Unified and Transparent Namespace
Alluxio enables effective data management across different storage systems through its use of transparent naming and mounting API.
Transparent Naming
Transparent naming maintains an identity between the Alluxio namespace and the underlying storage system namespace.
When a user creates objects in the Alluxio namespace, they can choose whether these objects should
be persisted in the underlying storage system. For objects that are persisted, Alluxio preserve the
object paths, relative to the underlying storage system directory in which Alluxio objects are
stored. For instance, if a user creates a top-level directory Users
with subdirectories Alice
and Bob
, the directory structure and naming is preserved in the underlying storage system (e.g.
HDFS or S3). Similarly, when a user renames or deletes a persisted object in the Alluxio namespace,
it is renamed or deleted in the underlying storage system.

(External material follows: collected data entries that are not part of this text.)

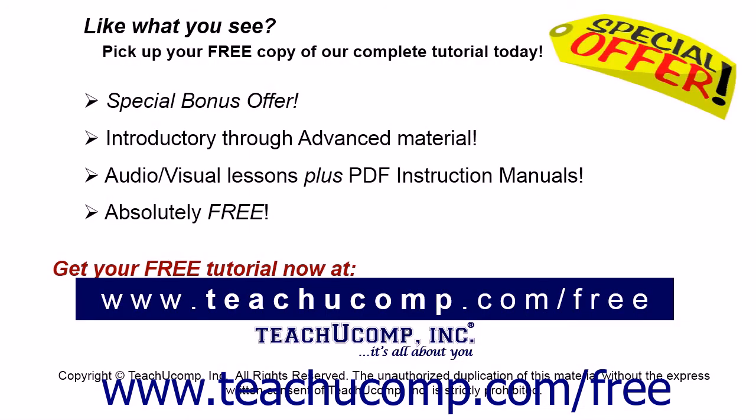Like what you see? Pick up your free copy of the complete tutorial at www.teachucomp.com/free.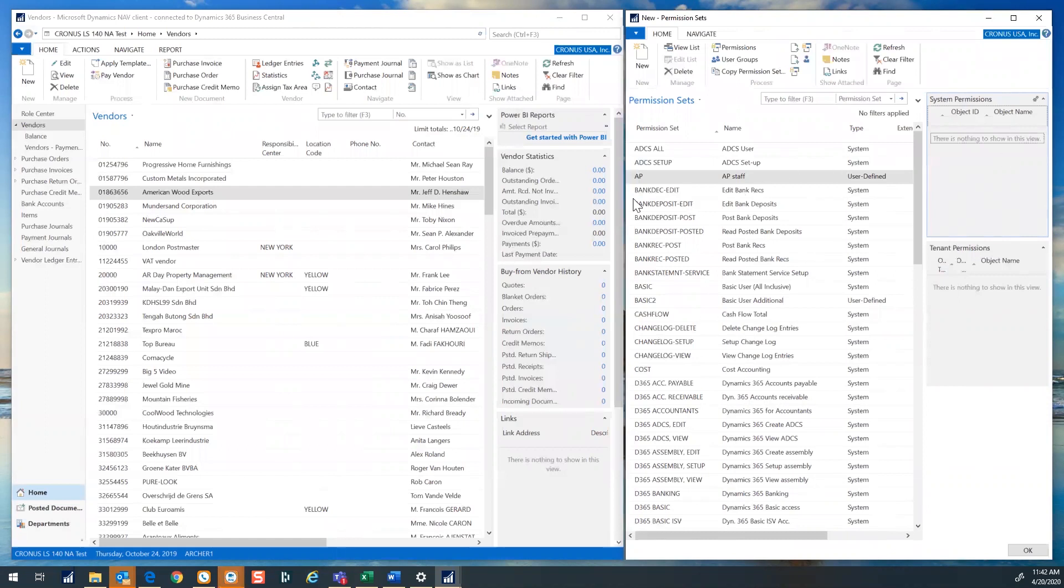The database comes with many predefined permission sets, but if those don't work for you and your company, you can create a new one by recording all of the activity for a specific user or role to create a brand new permission set.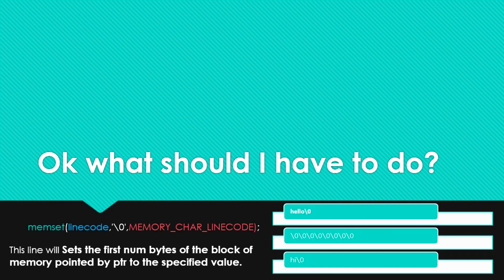So this is what happens. What should you do? You have to use memset. You have to memset the line code array and put zeros with the size of the memory char and code. What memset will do is set the first number of bytes of the block of memory pointed by PTR to the expected value. So when you put 'hello' and then another line on the lexer, the line array will be cleared, and it will put 'hi'.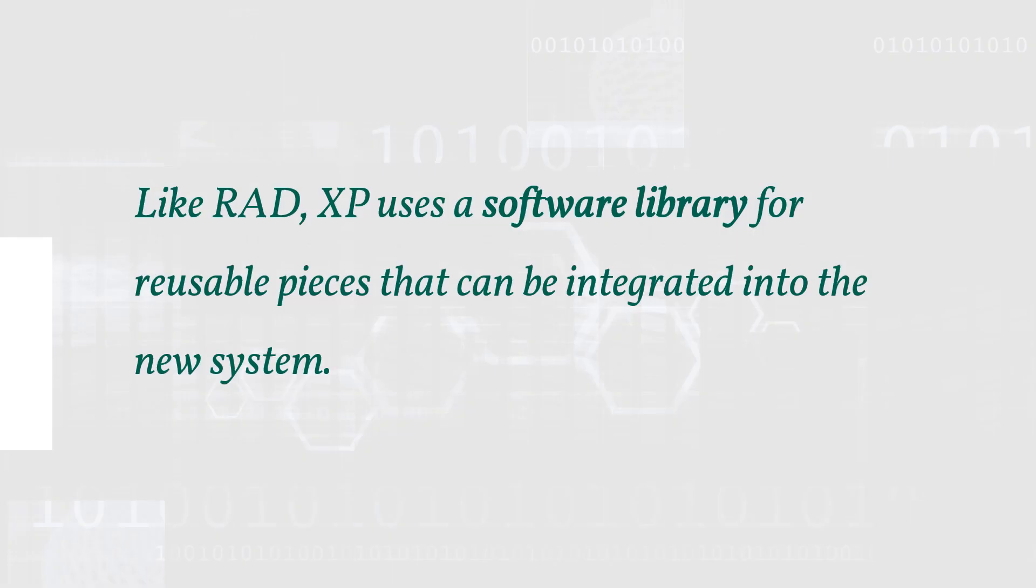Like RAD, XP uses software libraries for reusable pieces that can be integrated into the new system.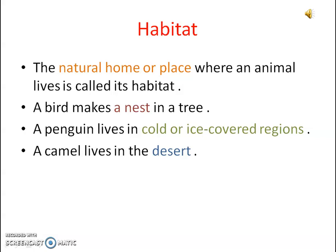So let's see what are habitats. A natural home or place where an animal lives is called its habitat. For example, a bird makes a nest in a tree, so that nest is the habitat for that bird. A penguin lives in cold or ice-covered regions. Similarly, a camel lives in the desert. So these are the habitats for these animals.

Furthermore, Alluxio transparently discovers content present in the underlying storage system which
was not created through Alluxio. For instance, if the underlying storage system contains a directory
Data
with files Reports
and Sales
, all of which were not created through Alluxio, their
metadata will be loaded into Alluxio the first time they are accessed (e.g. when a user requests to
open a file). The data of file is not loaded to Alluxio during this process. To load the data into
Alluxio, one can read the data using FileInStream
or use the load
command of the Alluxio shell.
Unified Namespace
Alluxio provides a mounting API that makes it possible to use Alluxio to access data across multiple data sources.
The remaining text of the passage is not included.